Entries taken from a collection
※ ※ ※

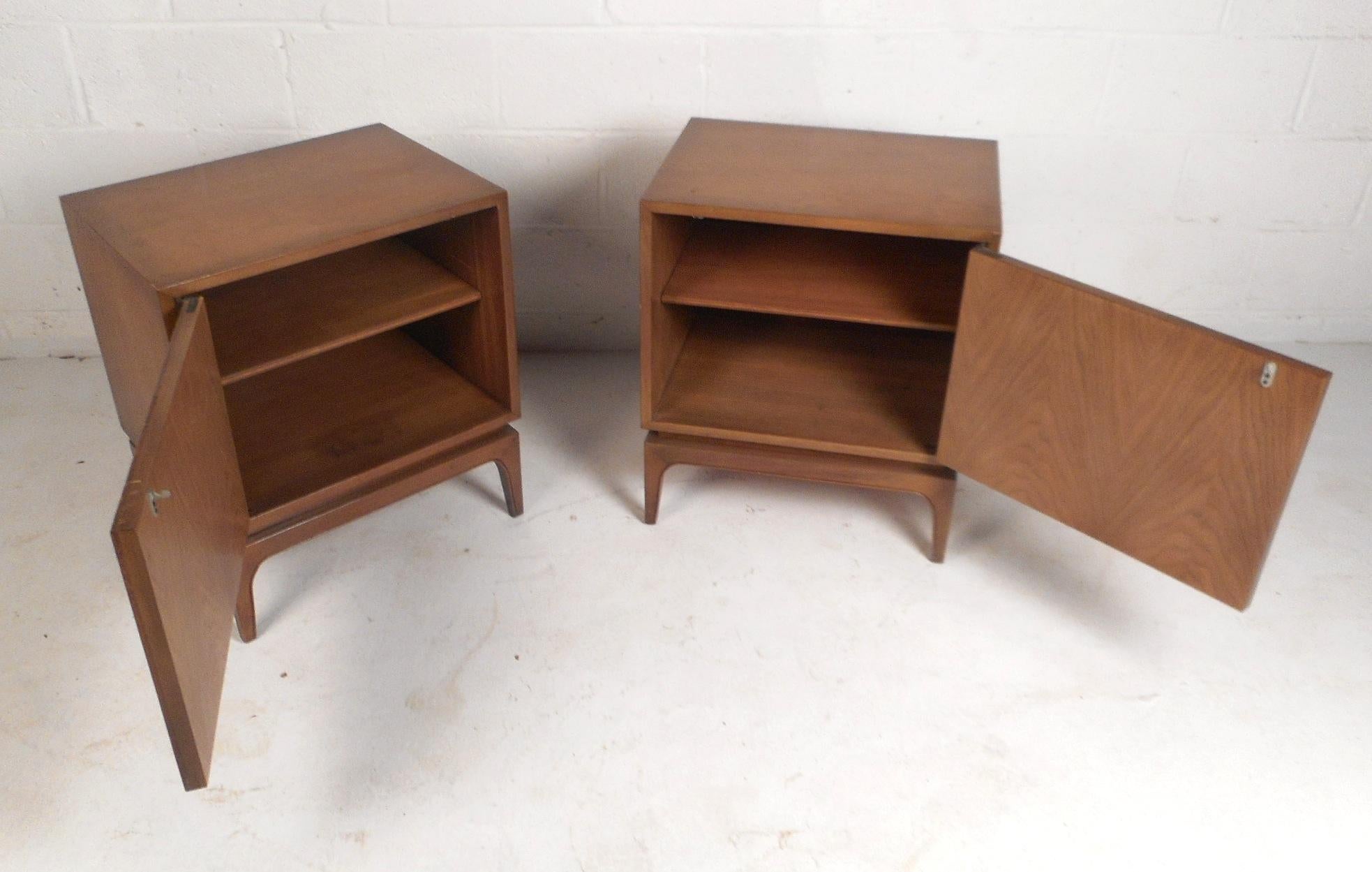 Late 20th Century Pair of Midcentury Walnut Nightstands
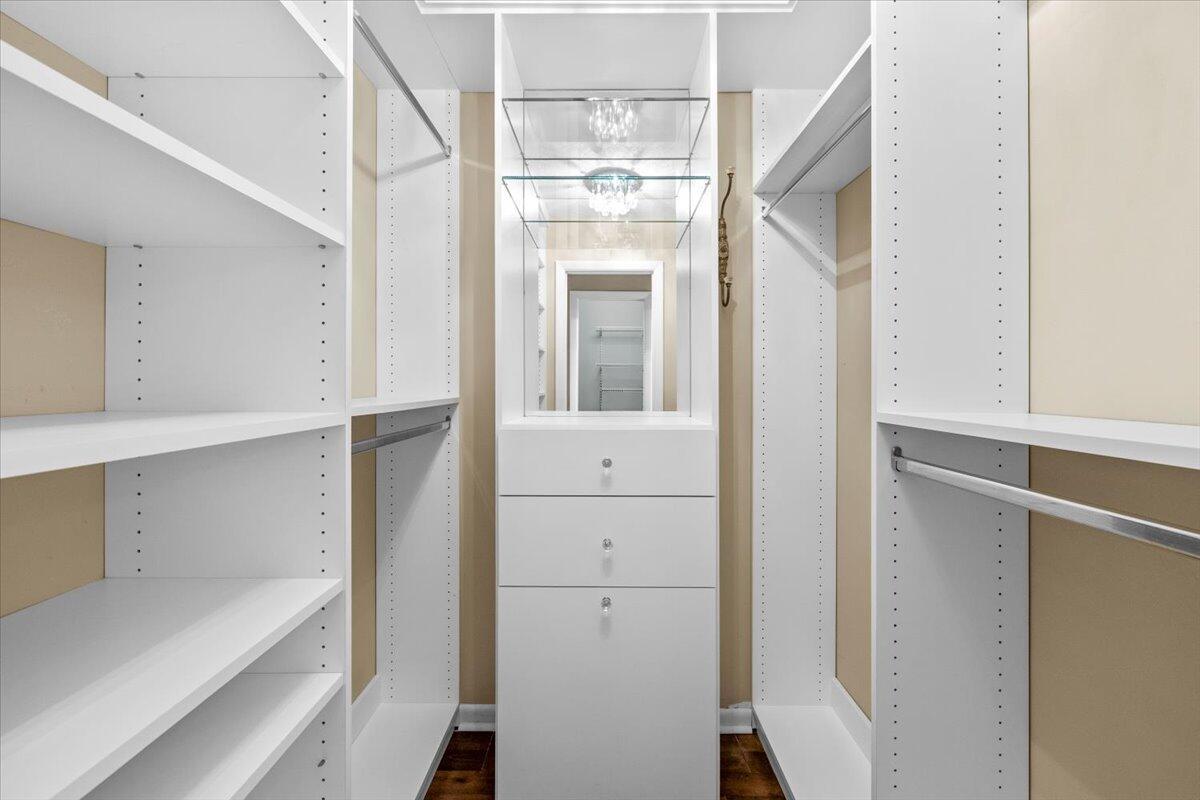 PINE RIDGE - Residential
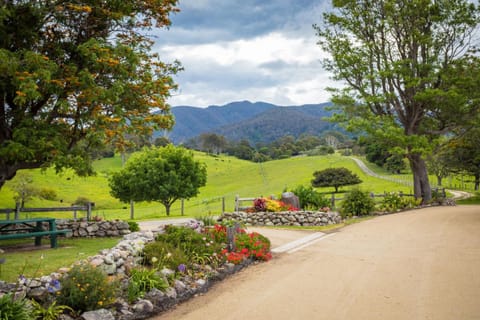 Henkley Cottage 1 Isaiah Farm Stay in Central Tilba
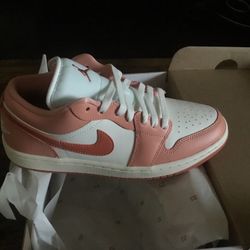 New Women’s Air Jordan 1 Low size 8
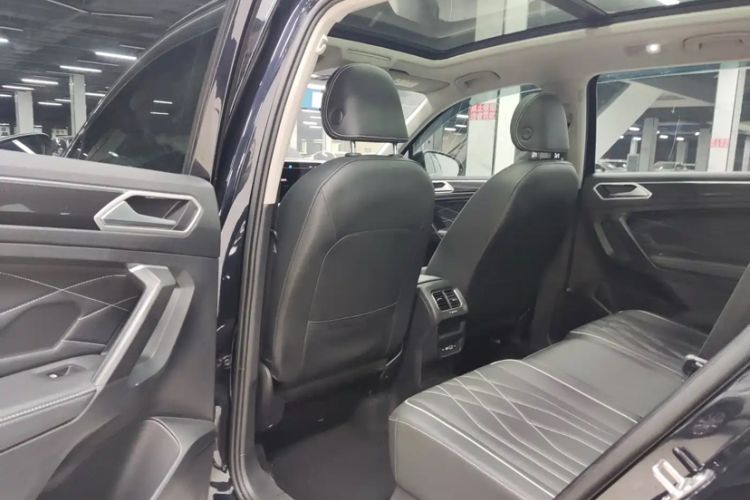 Used Volkswagen Tiguan L 2023 280TSI Automatic Two-Wheel Drive Trendy Innovation Limited Edition Interior 7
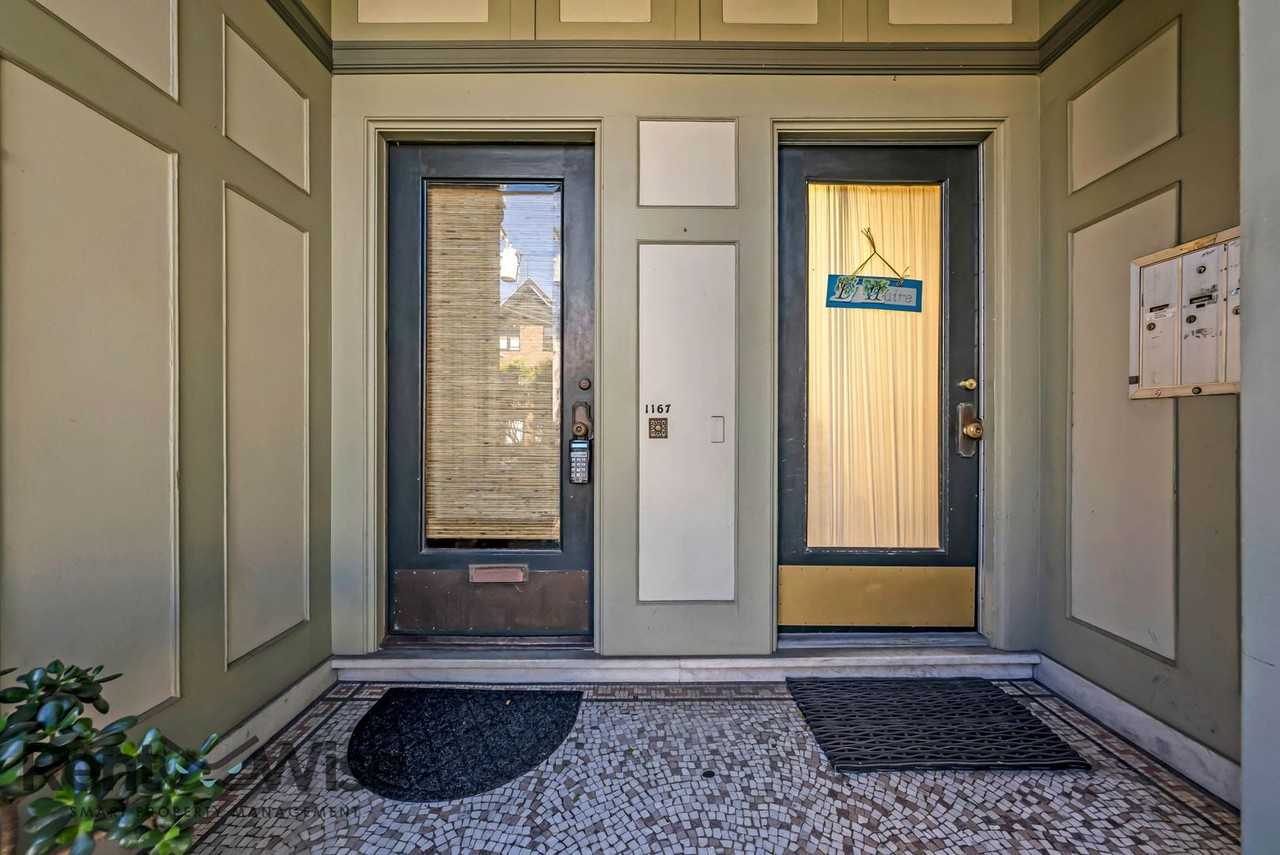 1167 Green St - Photo 5 of 43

※ ※ ※

▶ _To do_
Your answer must be exactly the lines from the one with "New Women’s Air Jordan 1 Low size 8" through the final line of the data, with no pictures in it.

▶ _Problem solution_
 New Women’s Air Jordan 1 Low size 8
 Used Volkswagen Tiguan L 2023 280TSI Automatic Two-Wheel Drive Trendy Innovation Limited Edition Interior 7
 1167 Green St - Photo 5 of 43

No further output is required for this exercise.